JGU aims to make academic careers easier to plan and more transparent by establishing tenure-track professorships throughout the university
21 September 2017
Johannes Gutenberg University Mainz (JGU) will be receiving EUR 15 million through the Tenure-Track Program of the German federal and state governments in order to promote young researchers by setting up 15 additional tenure-track professorships. This makes Mainz University one of 34 universities in Germany to be sponsored in the first round of funding. "The fact that we have been granted this funding is a confirmation of the success of our efforts to provide further support to young researchers," explained Professor Georg Krausch, the President of Johannes Gutenberg University Mainz. "This success is based on the constructive collaboration between our Gutenberg Council for Young Researchers, our Human Resources development programme, and the JGU Senate. Other relevant factors were the pioneering changes made to the legislation governing higher education in the state of Rhineland-Palatinate by the state parliament in the spring of 2017." A second round of funding in 2019 will provide an opportunity to be granted financial support for additional tenure-track professorships.

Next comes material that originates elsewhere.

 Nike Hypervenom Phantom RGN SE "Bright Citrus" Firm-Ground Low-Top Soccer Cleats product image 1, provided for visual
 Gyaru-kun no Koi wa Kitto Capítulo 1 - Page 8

The aim of the nationwide program for the promotion of young researchers is to establish and promote the tenure-track professorship as an independent career path in parallel to the professorship appointment system conventional at German universities. For many young researchers, this will make the route to obtaining a professorship considerably more straightforward and thus easier to plan. The tenure-track professorship makes provision for an immediate transition to a lifetime professorship following a successful probationary phase.
To date, Johannes Gutenberg University Mainz has only occasionally been able to offer the opportunity for appointment to a lifetime professorship via the tenure-track process as an entry-level option. Currently 35 of 531 professorships at JGU are tenure-track appointments.

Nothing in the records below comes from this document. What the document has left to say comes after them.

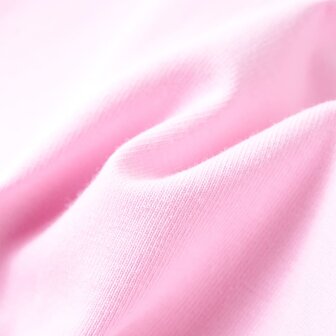 Kindershirt 92 lichtroze 7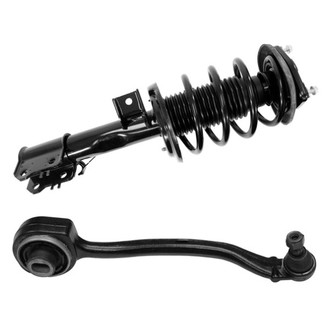 Unity® - Front Passenger Side Strut Assembly and Control Arm Kit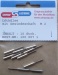 LOETHUELSEN,  Bohrung 2,1 mm, Gewinde 2 mm, 10 Stück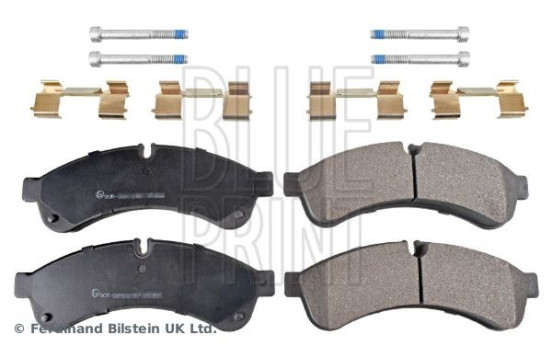 Brake Pad Set, disc brake ADBP420010 Blue Print, Image 2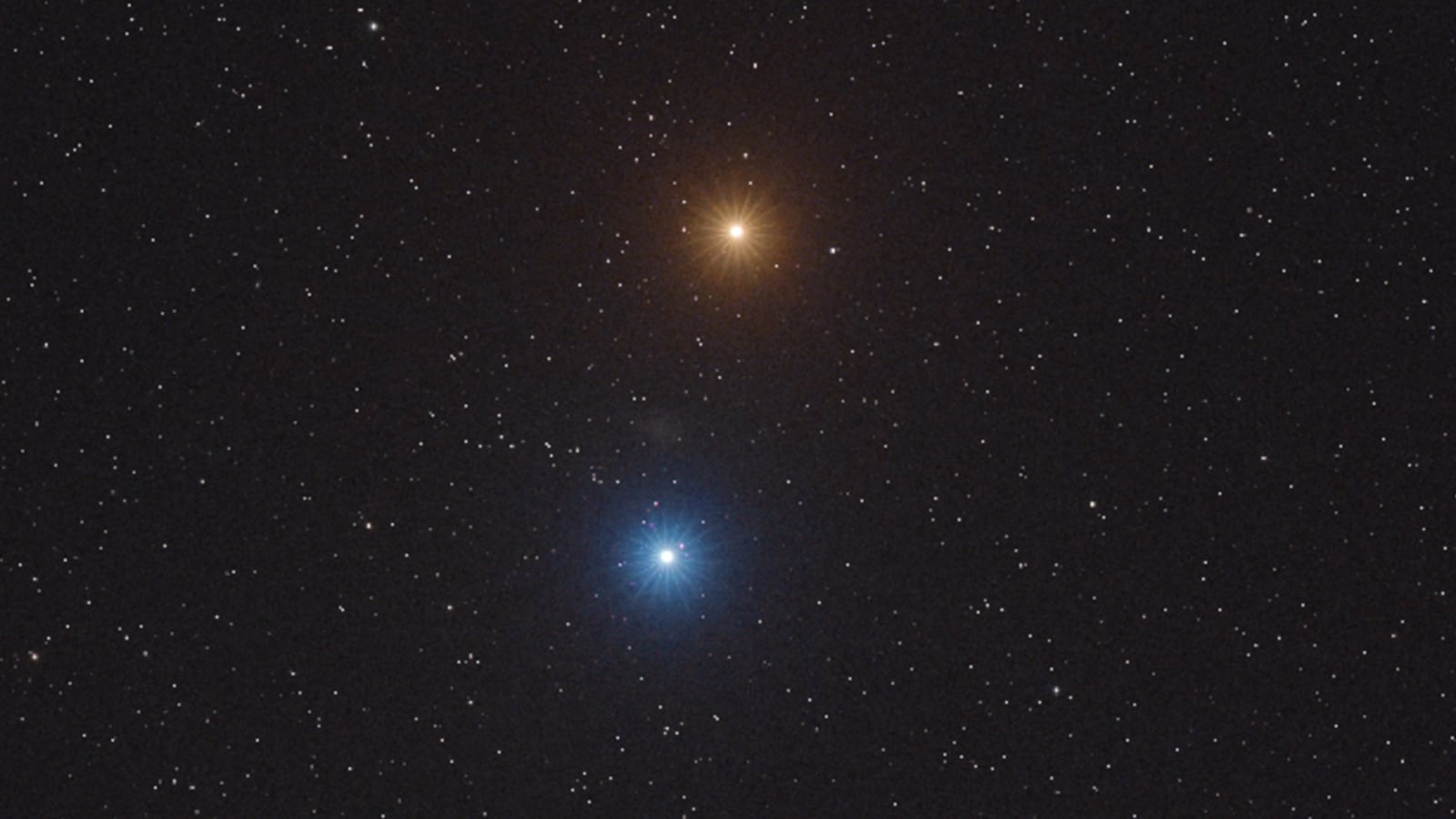 Featured image for Mars Engages in Spectacular Conjunctions and Sky Events This Week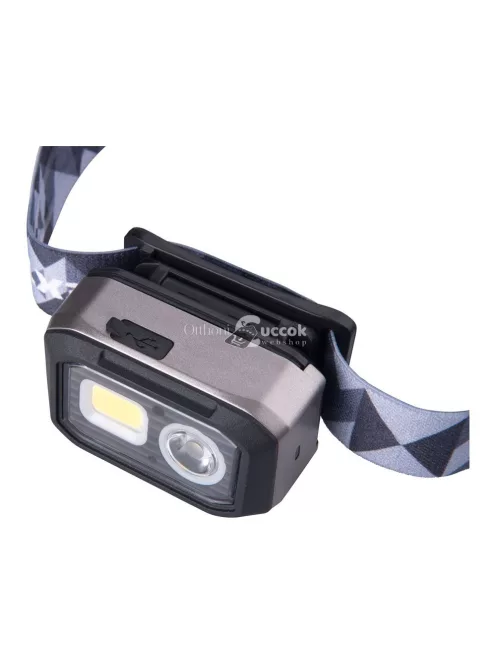 Extol Light Többfunkciós Osram+COB LED-es fejlámpa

In order to establish the tenure-track professorship as a recognized career path throughout the university, the now approved tenure-track professorships will be distributed over all faculties and departments. "We hope that this approach will ensure that the cultural change we are striving for encompasses the entire university," added the president. The conventional professorship appointment system will be maintained in parallel to the tenure-track concept.
Human resources development at JGU: HR Excellence in Research
The long-term implementation of a tenure-track professorship system requires an academic staff development concept that optimally supplements the new career option while at the same time opening up other prospects outside professorships. Mainz University has thus developed a comprehensive portfolio for promoting young researchers, comprised of institutional, structural, and individual measures. Thanks to its achievements in the field of human resources development, JGU was awarded the HR Excellence in Research Award of the European Commission in 2016. In addition, the advancement and fostering of an equal opportunities environment and the opportunity to combine family and career are at the focus of this new career path.
"By offering this internationally recognized and utilized tenure-track form of career to outstanding young researchers, we hope to be able to entice the best minds to the Mainz science hub and position our university as an attractive employer both nationally and throughout the world," concluded Krausch.